Once the data is analyzed and a data pipeline is created, a plan is developed that uses algorithms to make a useful product or service. Algorithm developers, scientists, and engineers (titles are sometimes interchangeably in the AI industry) use this data and conduct additional research to develop algorithms that tell software and hardware what to do. Developers of basic algorithms have a background in software development or programming, while those who create complex algorithms are also experts in a particular field. For example, a developer who is creating a complex financial trading algorithm will have a background in trading and sometimes a Ph.D. in mathematics or computational finance. At some companies, algorithm quality assurance professionals ensure that algorithms work as designed.
Other career paths include user experience professionals, who work with AI-enabled products to ensure that users can easily understand how to use them and that the physical and digital components of the product are user-friendly. Artificial intelligence research scientists conduct scientific research in order to make new discoveries in the use of AI, rather than develop AI for consumer and industrial uses. Applied AI research scientists seek to use AI to help better understand and solve real-world problems, such as pandemics and global climate change.
There are many sub-areas of AI such as machine learning, computer vision, and natural language processing.
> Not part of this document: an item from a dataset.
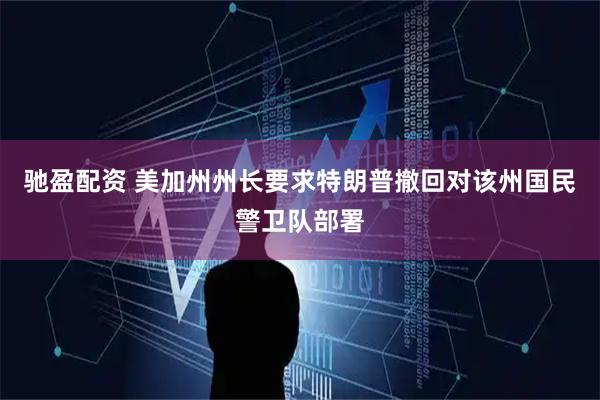 驰盈配资 美加州州长要求特朗普撤回对该州国民警卫队部署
Machine learning is a method of data analysis that incorporates AI to help computers study data, identify patterns or other strategic goals, and make decisions with minimal or no intervention from humans. Machine learning scientists and engineers develop algorithms that allow computer programs to learn and automatically improve their performance as they acquire more experience on a certain task. Then they build and maintain scalable machine-learning solutions, monitor the process to ensure that the software works correctly and logically, and develop processes and tools to monitor and assess model performance and data accuracy.
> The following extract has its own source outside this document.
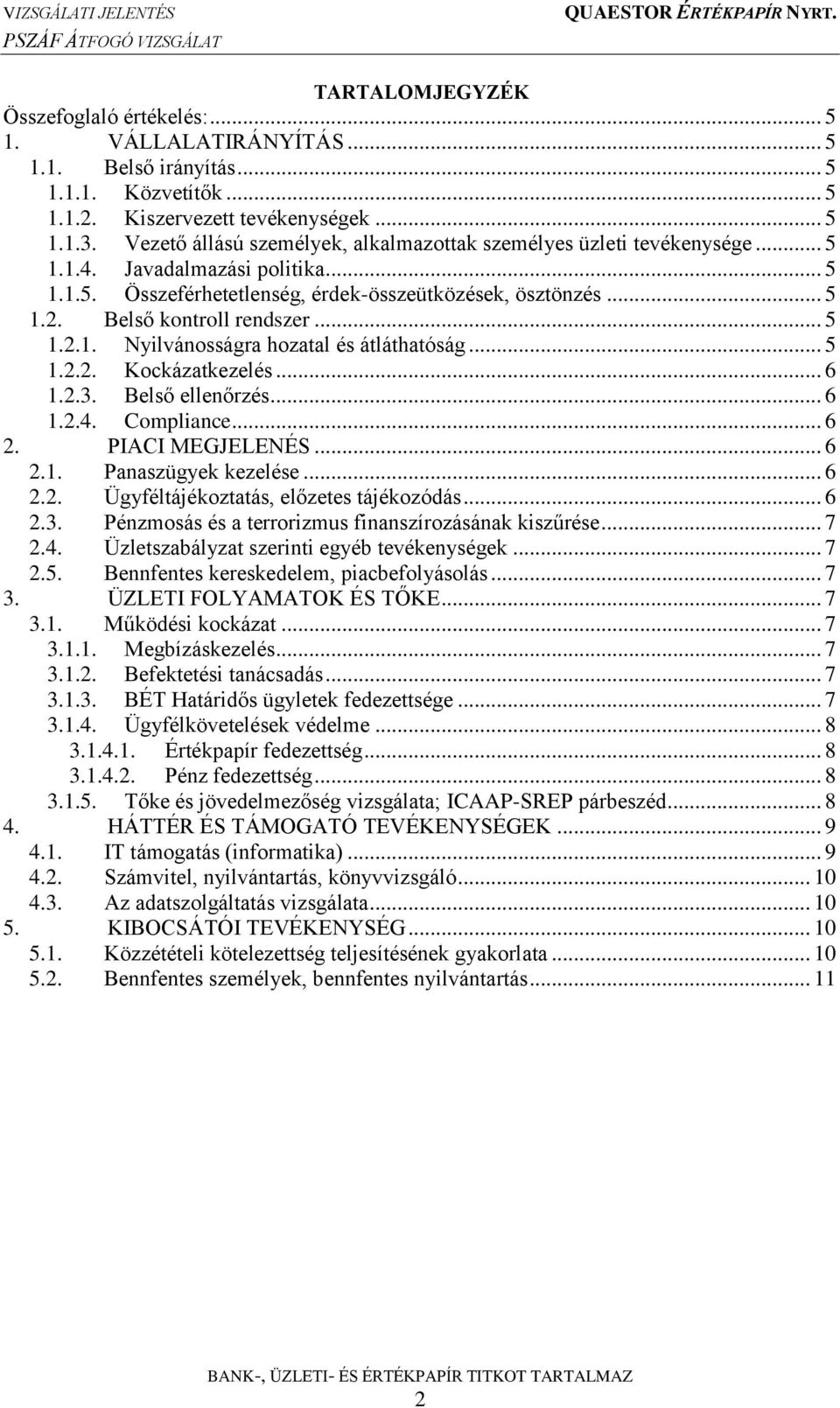 Belső kontroll rendszer... 5 1.2.1. Nyilvánosságra hozatal és átláthatóság... 5 1.2.2. Kockázatkezelés... 6 1.2.3. Belső ellenőrzés... 6 1.2.4. Compliance... 6 2. PIACI MEGJELENÉS... 6 2.1. Panaszügyek kezelése.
In computer vision, huge neural networks with many layers of processing units are used to teach machines how to view and interpret the world around them by using data collected by cameras and other methods. One example of how computer vision is being used is in the development of self-driving vehicles. Engineers and scientists at BMW, Tesla, Volvo, and other car manufacturers have developed self-driving vehicles with multiple cameras, RADAR, LIDAR, and advanced sensors that gather and process visual information as the car navigates the road. The computer uses the information gathered through these sources to avoid pedestrians, other vehicles, and obstructions in the road. As the “brain” of the vehicle obtains more information, it is theoretically better able to navigate safely. Other examples include smartphones that are programmed to unlock by scanning our faces, and scanning technology that has been found to be better at finding cancerous growths on mammograms than radiologists. Computer vision scientists and engineers design and develop image processing algorithms and optical systems for 2–D and 3–D applications.
Natural language processing (NLP) is an AI subdiscipline that aims to teach computers to understand, interpret, and manipulate spoken and written human language. One example of NLP is found in online and telephone customer service. NLP-powered software allows customers to receive assistance without ever talking to an actual human being. The use of NLP reduces the number of customer service professionals a company has to employ and allows it to assist more customers at one time. Natural language processing scientists and engineers use their knowledge of technology and human language to develop NLP models that train computer systems to communicate intelligently with humans.